Skip to content, or skip to search.

Ask a Local: Andrew W.K.

A few weeks into the opening of his first nightlife venture, Santos Party House, party-hardy co-owner Andrew W.K. reflects on his decade plus in New York City: from Times Square swindlers to L train life lessons to the discovery of the greatest burger shop in the whole damn world.

ShareThis

Andrew W.K., probably thinking about Big Nick's.  

His first time: I visited with my dad when I was 13. I think there was something about New York that prompted my family to think about it as a boys’ trip. We stayed at the Gramercy Park Hotel. One thing I’ll give my dad credit for, we didn’t just stay at museums or in Midtown, we saw every area from the Financial District to Chinatown to the Lower East Side. It was completely mind-blowing.

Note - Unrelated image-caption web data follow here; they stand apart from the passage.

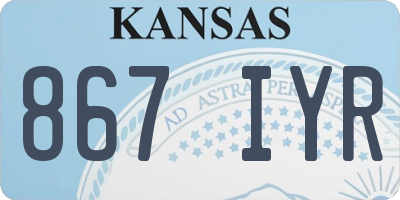 KS license plate 867IYR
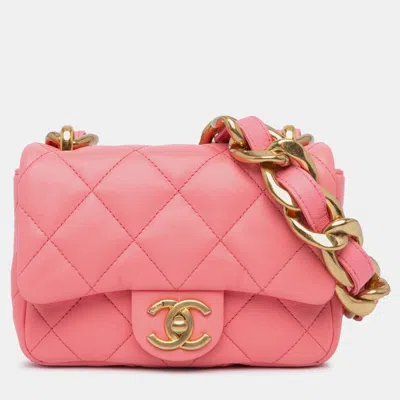 Pre-owned Chanel Pink Mini Quilted Lambskin Funky Town Flap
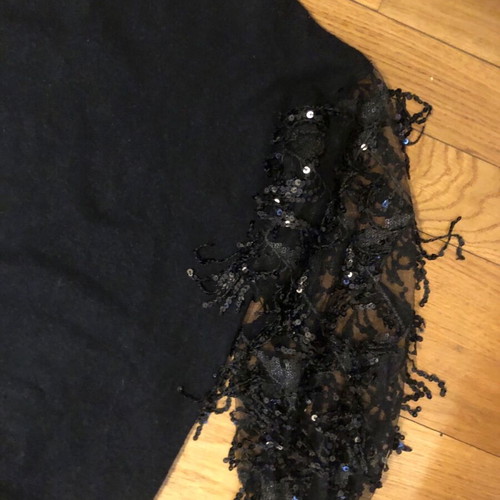 Black evening sweater Jovonna one size like new with transparent sequin sleeves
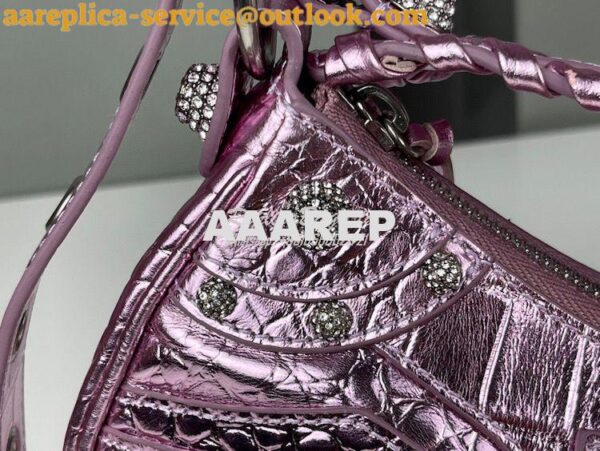 Replica Balenciaga Le Cagole XS S Shoulder Bag in Pink Metallized Croc 12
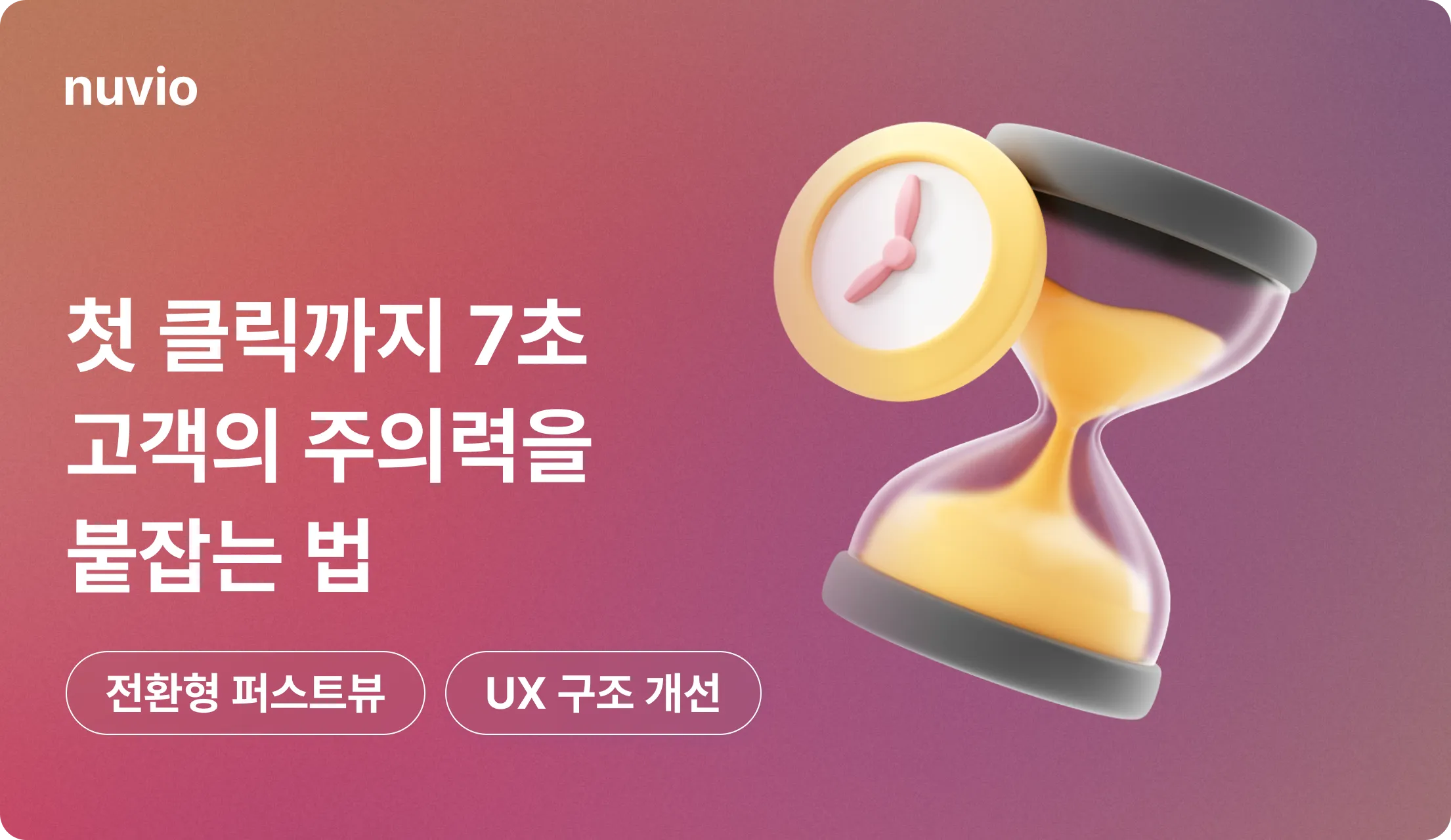 첫 클릭까지 7초 — 고객의 주의력을 붙잡는 법, 시선과 스톱워치를 상징한 그래픽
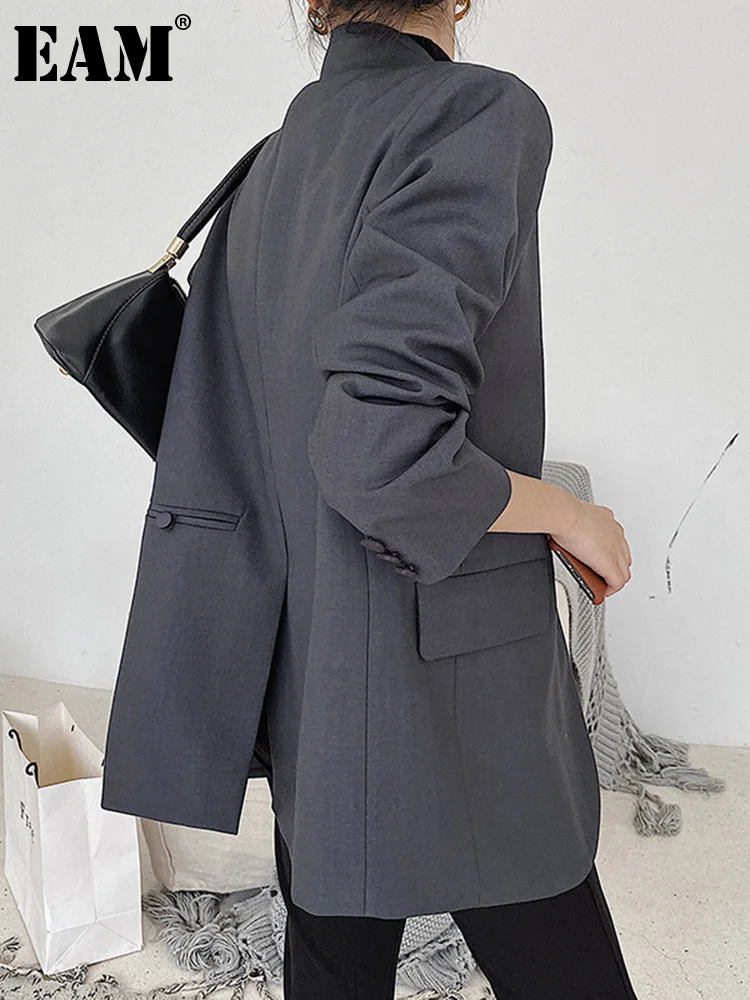 

[EAM] Women Gray Back Slit Big Size Blazer New Lapel Long Sleeve Loose Fit Jacket Fashion Tide Spring Autumn 2022 1DE9380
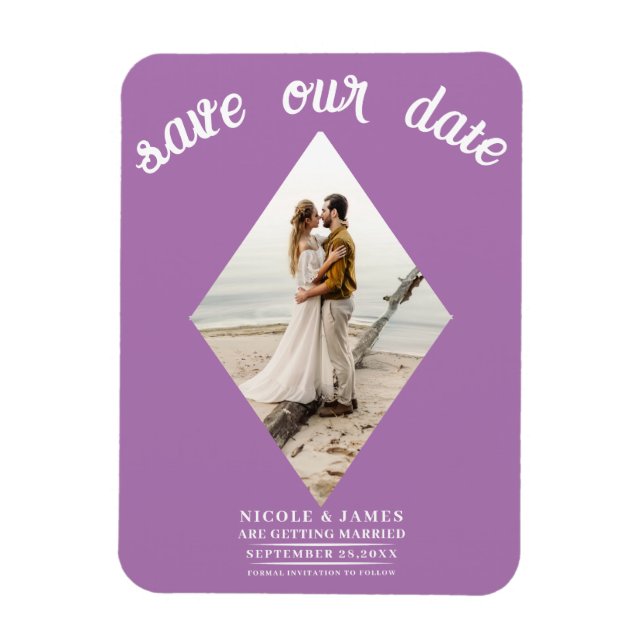 Magnet Flexible Lavender Lilac Diamond photo mariage Enregistrer l (Vertical)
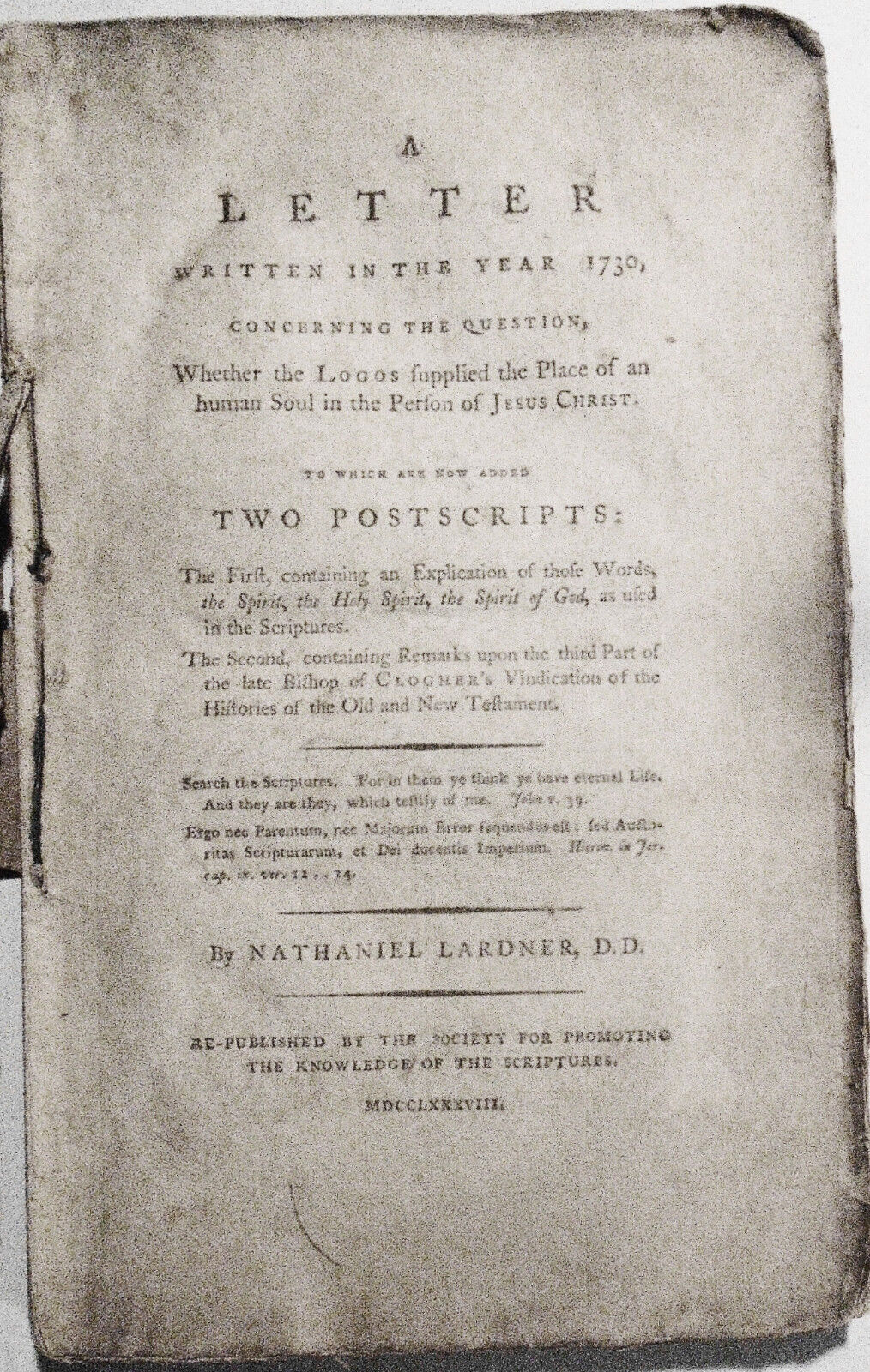 1788. A Letter Written in the Year 1730, by Nathaniel Lardner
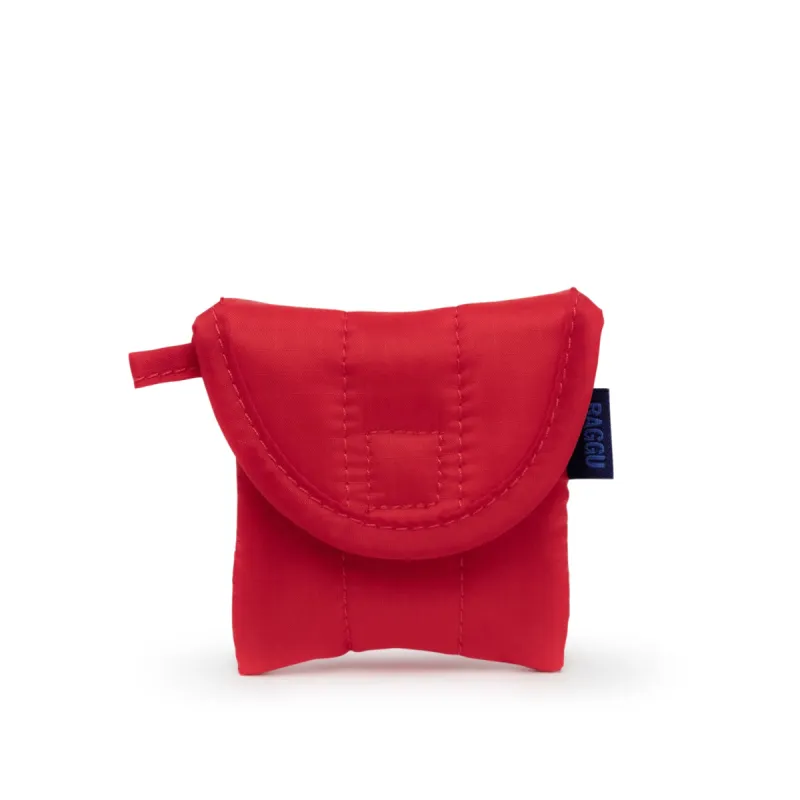 Baggu Puffy Recycled Nylon Earbuds Case - Candy Apple sold by Moma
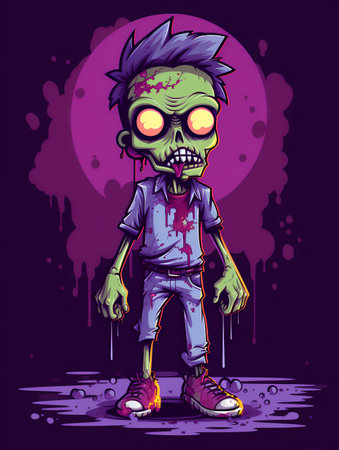 Cartoon zombie. Template for a greeting card for Halloween. Generative AI image.の素材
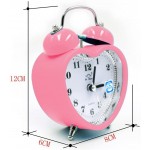 Monique Students Seniors 3in Twin Bell Loud Alarm Clock Silent Analog Quartz Nightlight Clock Battery Operated for Heavy Sleepers Heart Shape Pink - BHQPMNUOE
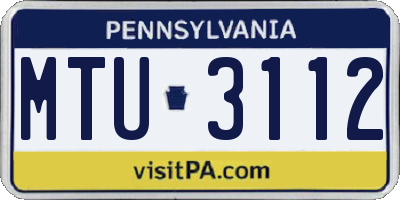 PA license plate MTU3112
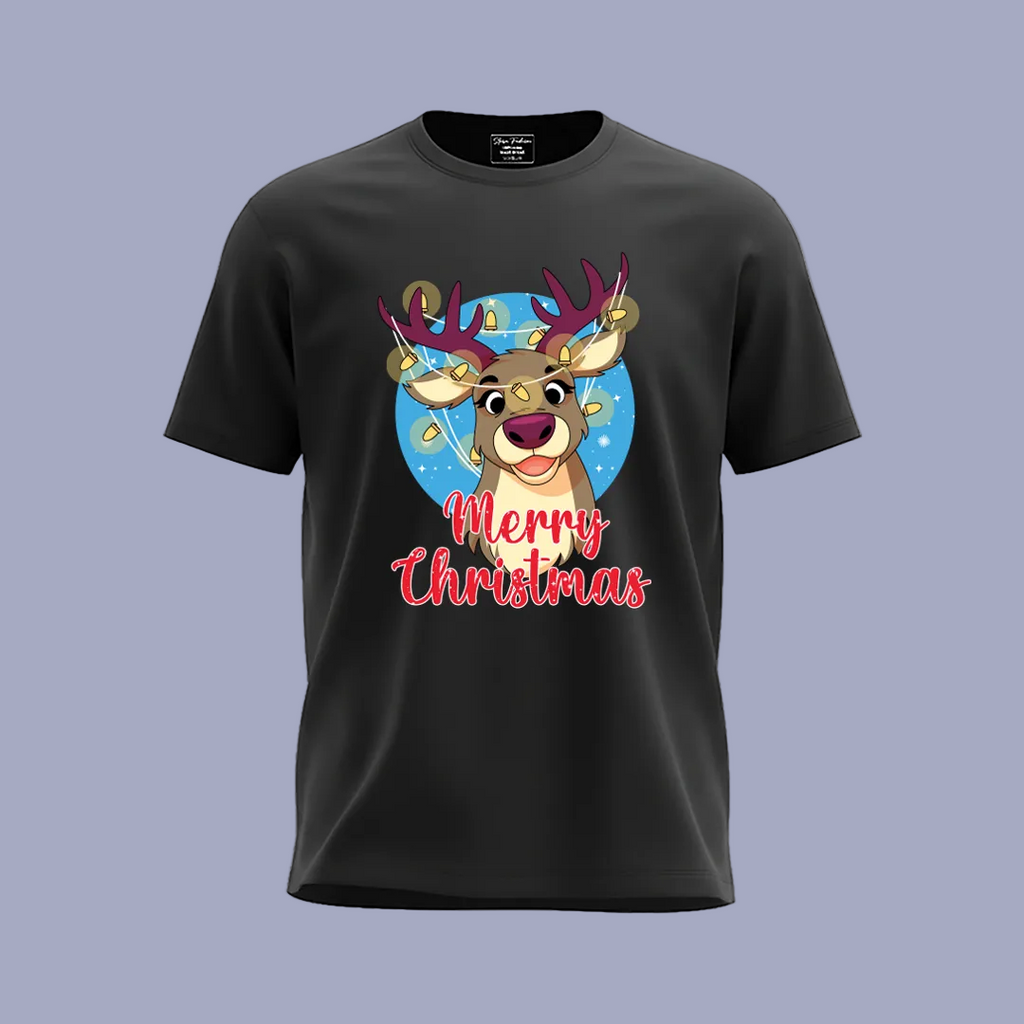Merry Christmas Reindeer Family Matching Shirts | Red Holiday T Shirt Set for Mom, Dad, and Kids | Family Photo Outfit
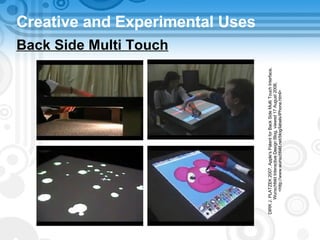 Creative and Experimental Uses Back Side Multi Touch DIRK J. PLATZEK 2007, Apple's Patent for Back Side Multi Touch Interface, Wunschfeld Interactive Design Blog, viewed 17 August 2008, <http://www.wunschfeld.net/blog/labels/iPhone.html> 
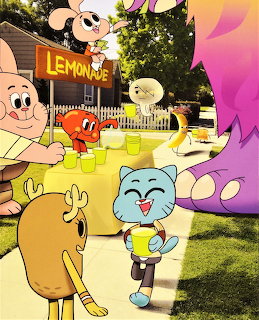 Animated characters at a lemonade stand in a sunny yard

Con artists and helicopters: I ended up in Greenpoint, on Jewel Street, between Nassau and Normand. My favorite thing to do, believe it or not, was to take the subway into Manhattan and hang out in all the areas that I remembered liking the most from my time with my dad, visiting. So I would spend most of my time in Times Square. My dad was conned out of $160 [by scalpers] when we tried to see Miss Saigon. I never saw the show, and I’m pretty disappointed about that. I heard it had a real helicopter in it, and that’s really what I wanted to see.

Broadway nights: The first musical I saw was Chicago with Casey Spooner, from Fischerspooner. I just saw Cry Baby, and I would highly recommend that. I also saw Spring Awakening when [my parents] came and visited.

When it's time to party: I’ve never been someone who’s really into going out. I would go out to see my friends play in bands, and for a long time, I felt that The Hook in Red Hook was the best sounding place, even though it was totally inconvenient to get to. I also really loved Irving Plaza. I saw Gary Numan play there on his really amazing Absolution tour in ’98.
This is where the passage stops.